The Wandering Earth
(2019)
Proof that Hollywood doesn’t hold the monopoly on empty-headed disaster movies. The Wandering Earth is currently the third-biggest movie of the year globally (99 percent of receipts were sold at the Chinese box office, however) and China’s second-largest homegrown hit ever. But, as Titanic proved, a guarantee of quality in no way comes as part and parcel of such spectacle. Director Frant Gwo is a huge fan of James Cameron, but it’s Armageddon you’ll be thinking of here – only even bonkerers – complete with absurd Bay-hem style CGI action that only gets dafter as the daftness escalates. And a prerequisite comic-relief Cosmonaut (Arkady Sharogradsky).
One shouldn’t get the wrong idea from the inclusion of a slightly eccentric Russian, though. I’d like to report a whole raft of fun characters littering The Wandering Earth, but it mostly takes its leaves out of the Irwin Allen stock-type book, the one Roland Emmerich would later be thumbing through for about a decade and a half, before he went all Shakespeare on us. Yes, Gwo features a sequence – about as tense as The Wandering Earth gets – where a couple of supporting players struggle for possession of a space helmet that hasn’t been vomited in, but you aren’t going to come away thinking this was a laugh riot.
However, you may not be able to contain a succession of derisive snorts and sniggers at the premise itself. The plot of The Wandering Earth is almost jaw-dropping in its insanity – God knows what brand of mushrooms the four scientists acting as consultants on the project were scoffing – as we learn the Sun is rapidly degenerating and expanding and will engulf the Earth in a hundred years. With this in mind, a plan is hatched to move Terra to a new home four light years away, which will involve stopping its rotation (thus creating massive earthquakes and tsunamis). Consequently, the surface temperature will drop to minus seventy degrees, so the population who win a survival lottery – about 3.5 billion – must descend five kilometres below the surface to inhabit a Blade Runner-lite set. Oh, and installing 10,000 engines on the Earth’s surface is a must, so as to propel the planet through the void.
The amount of detail goes to underline rather than diminish protestations of how lunatic the scheme is. Doctor Who has had its share of nonsensical planetary perambulations – the Cybermen’s home world (Earth’s long-lost twin) drifting through space, the Doctor pulling the Earth back to where it should be with the TARDIS, the Daleks extracting the planet’s magnetic core and replacing it with a drive system in order to pilot it anywhere in the universe… actually, that last one is massively unhinged – but nothing like this. Curiously, though, whereas one can quite imagine Emmerich or Bay depicting the daredevil feats necessary to set this plan in motion, Gwo’s adaptation (with six other writers) of Liu Cixin’s novella cuts to seventeen years later and the ensuing difficulties when the Earth encounters Jupiter’s gravitational spike and the much, much larger planet begins pulling the smaller towards it.

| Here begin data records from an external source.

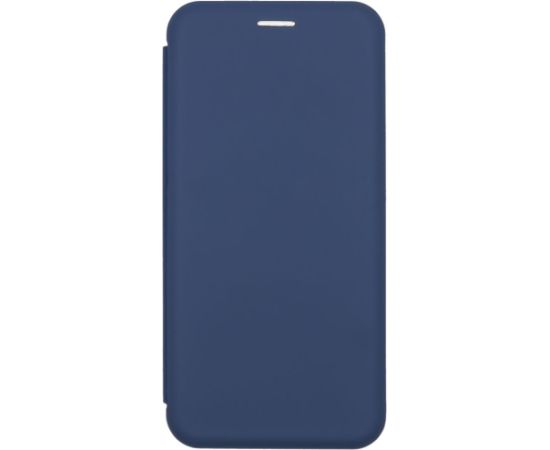 Evelatus Samsung  Samsung A32 5G Book Case Dark Blue Neoriģinālie Maciņi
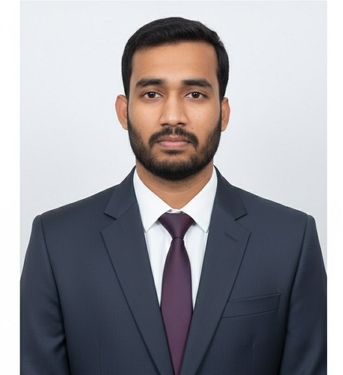 Arar, Job Seekers, I Am A Barista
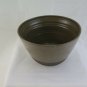Bowl Vase IN Ceramic Vintage Ulrik Lundbergh Ebeltoft Denmark R85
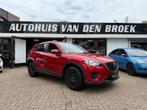 Mazda CX-5 2.0 SkyActiv-G 165Pk GT-M Line Navi|Ac|Camera|Car, Voorwielaandrijving, 1998 cc, Stof, Gebruikt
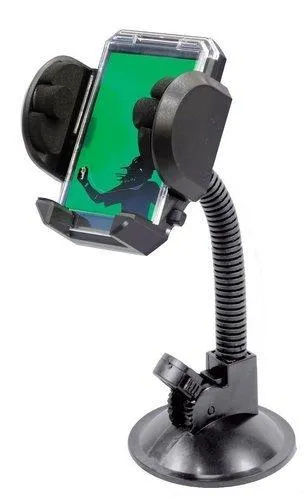 Universal Car Mount Mobile, MP3, MP4,, IPOD HOLDER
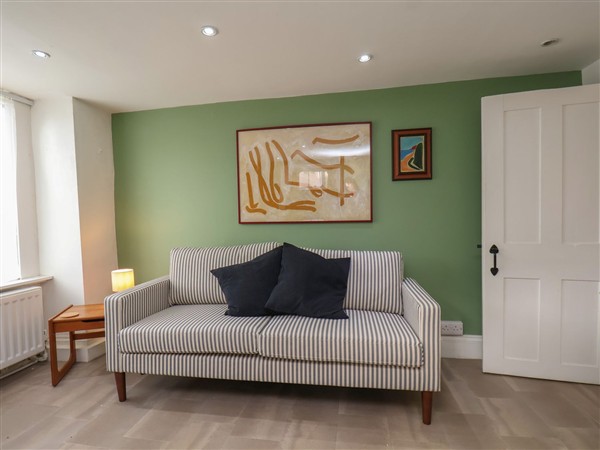 Apartment at Mulgrave House - North Yorkshire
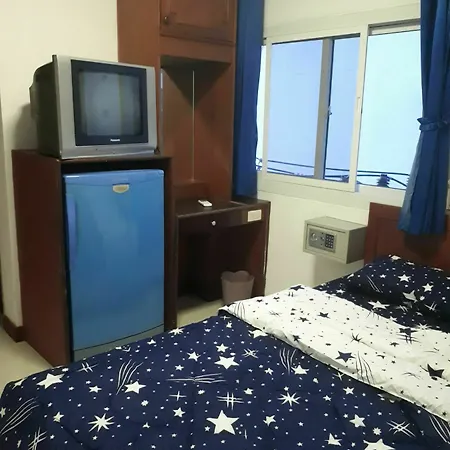 Chill Guest house 3*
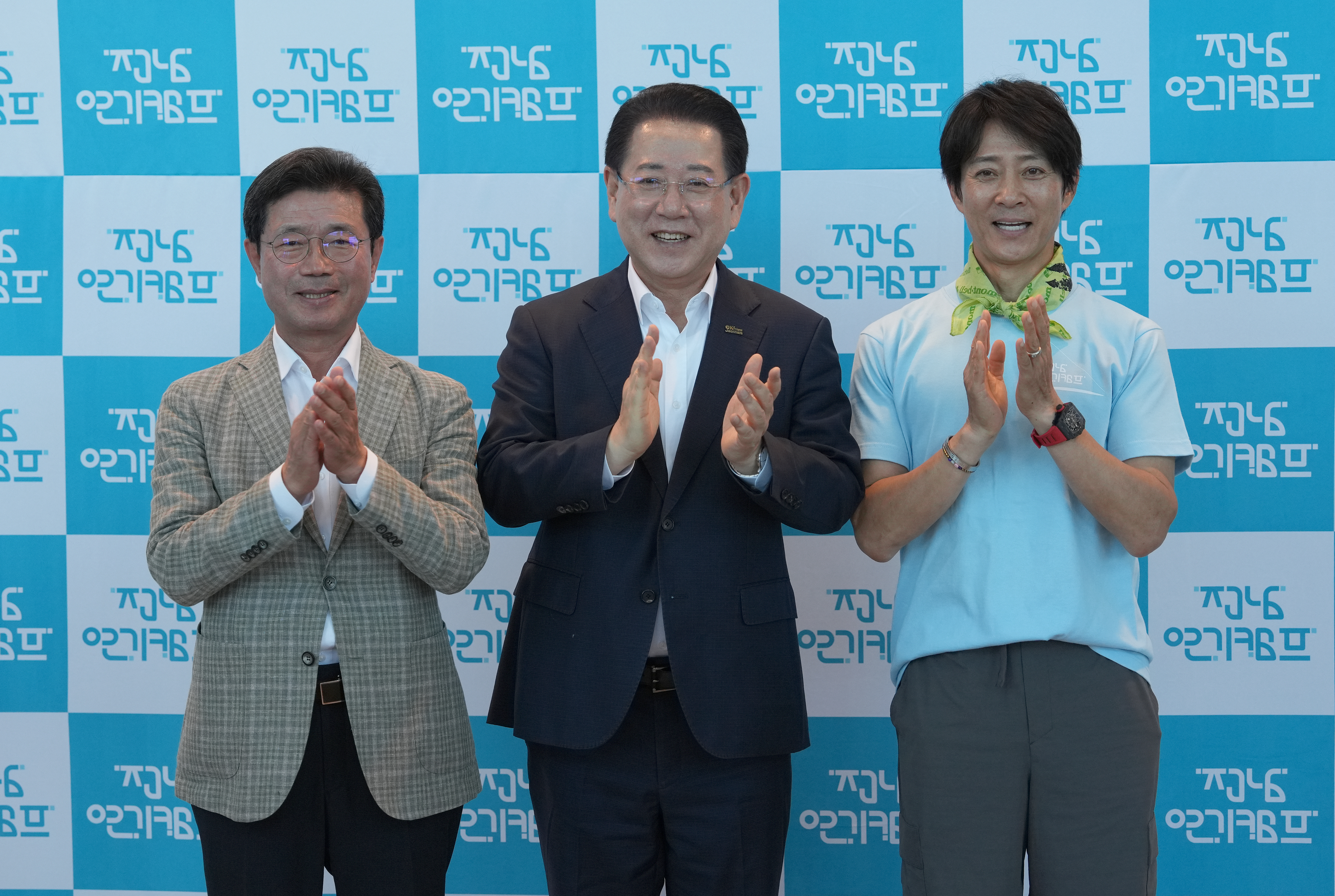 제14회 최수종과 함께하는 전남연기캠프2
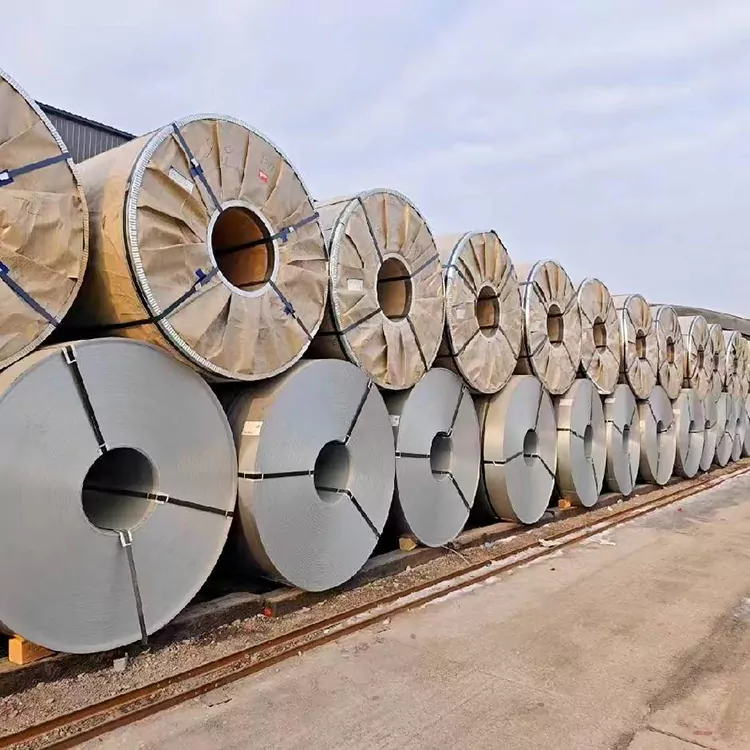 Mengapa Baja Strip Presisi Kekuatan Tinggi Penting untuk Manufaktur Industri Modern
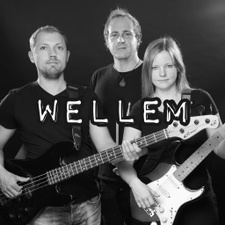 Live im Café - WELLEM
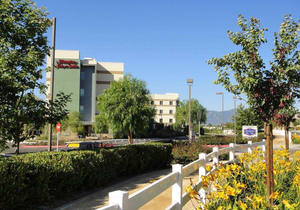 Hampton Inn & Suites Riverside/Corona East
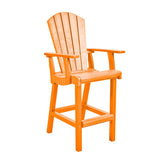 Classic Pub Arm Chair Classic Pub Arm Chair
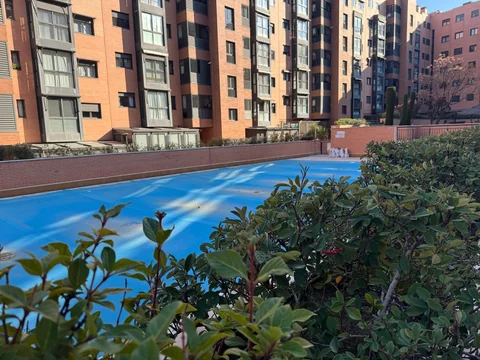 Piso en calle de Américo Castro, 72 - Foto 4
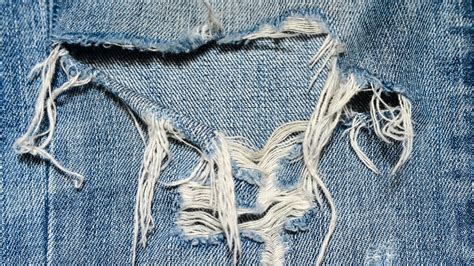 See full list on wikihow.com The Best Way to Fix Your Ripped Jeans | GQ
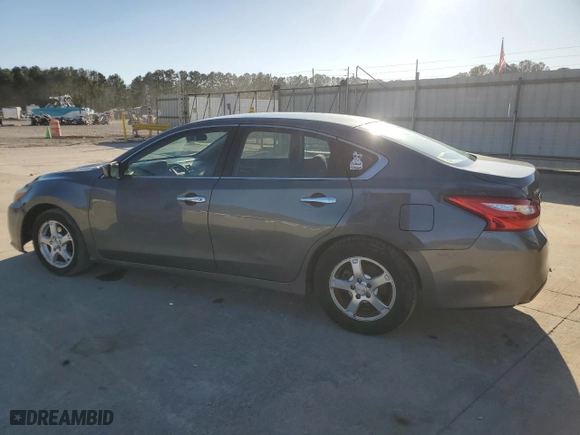 2017 Nissan Altima 2.5 S with VIN 1N4AL3AP6HN314765, listed as a Copart auction lot 85301114 with 199,583 mi miles and Clean Title. Bid and sale history available at carsss.com. Image 2.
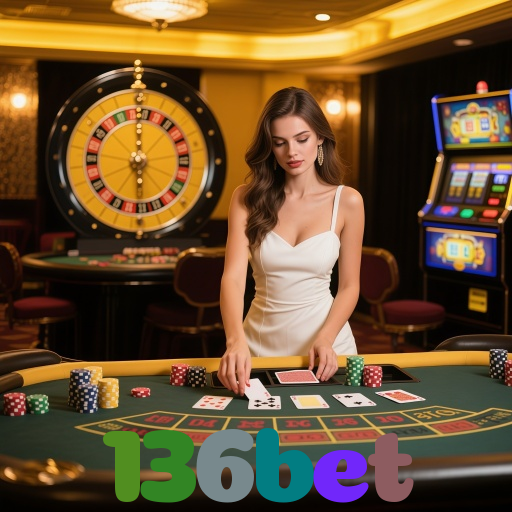 136bet - Baixe o app 136bet no Google Play e jogue ao vivo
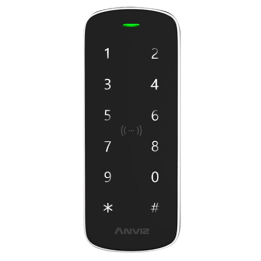 ANVIZ M3PRO-BT-WIFI Biometric Terminal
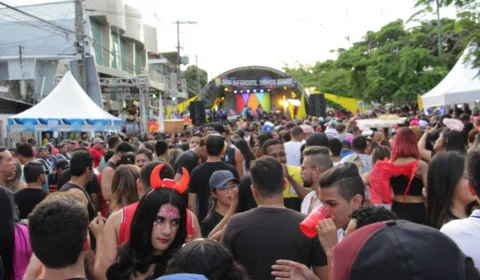 Carnaval 2024: Manaus contará com 2,5 mil policiais durante festejos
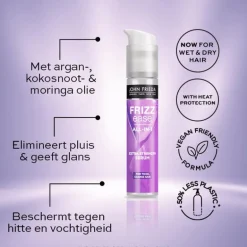 John Frieda Frizz Ease All-in-1 Extra Strength Serum 50 ML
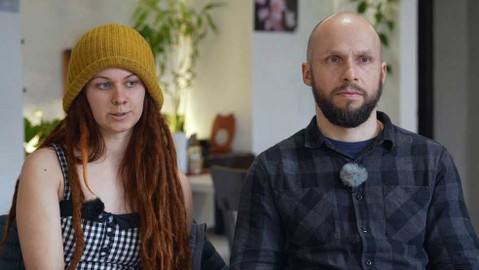 Děti narozené dvakrát - Epizoda 6/6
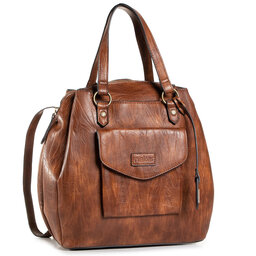 Rieker Rucksack Rieker H1036-22 Braun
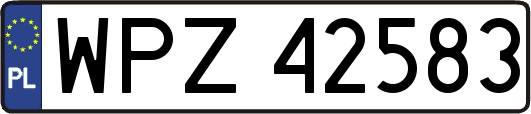 WPZ42583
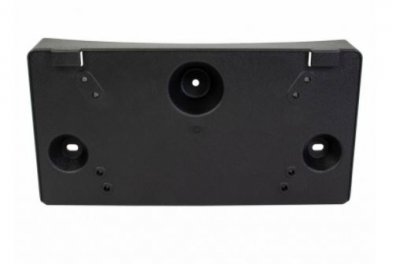 Ford Exlplorer rendszámkeret taró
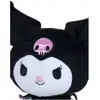 Image de Play by Play Hello Kitty: Kuromi (22 cm)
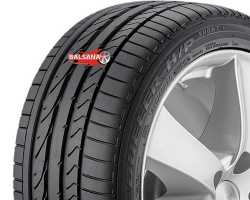 Bridgestone  Dueler H/P Sport N0 (Rim Fringe Protection)
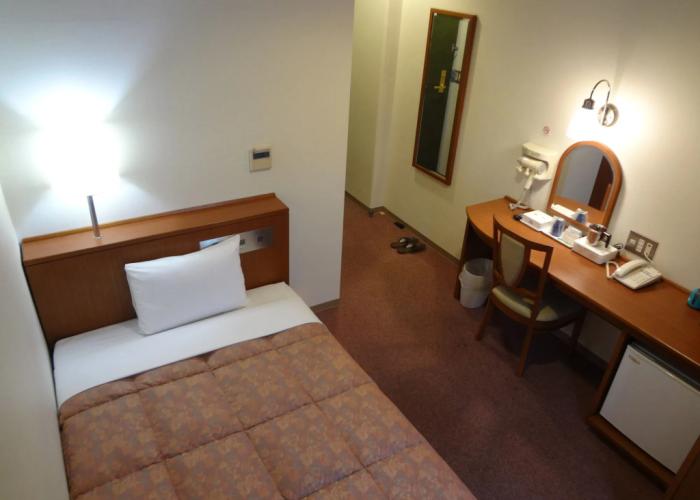 Royal Hotel Uohachi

To personalise all of this, there’s a family unit amid the military operations, with grandad Han Zi’ang (Ng Man-tat), grandson Liu Qi (Qu Chuxiao) and his adopted sister Han Duoduo (Zhao inmai) trying to survive a series of perilous episodes (translation: dodging lots of CGI ice and debris in a CGI truck). Meanwhile, dad Liu Peiqiang (Wu Jing) does his duty on the international space station. Except that dad has to deal with a “rogue” AI (MOSS even has a HAL-like camera eye) intent on leaving Earth to its fate; the station has its own space ark of 300,000 embryos to ensure humanity’s survival.
Weta provided the movie with its physical props and spacesuits, so that side exhibits a degree of grounding. But so much of The Wandering Earth is a wash of indifferent CGI interacting with itself (Wikipedia reported the budget at $50m, and I can believe it’s that low), with a few impersonal humans thrown into the mix, that it’s an uphill struggle to engage with anything that occurs. In particular, the last half hour is a succession of shouting and running and driving and dying that merges into an indistinguishable melee of aural and visual inanity. Reviews generally appear to have been kind to the movie. Too kind. I’ll say this, though: the poster’s really good.
Addendum 03/08/22: One half wonders if a movie like this wasn’t custom designed to highlight how utterly nonsensical the NASA-prescribed universe is. Instead, scientists avowing their own brand of nonsensical science will decry the movie’s brand.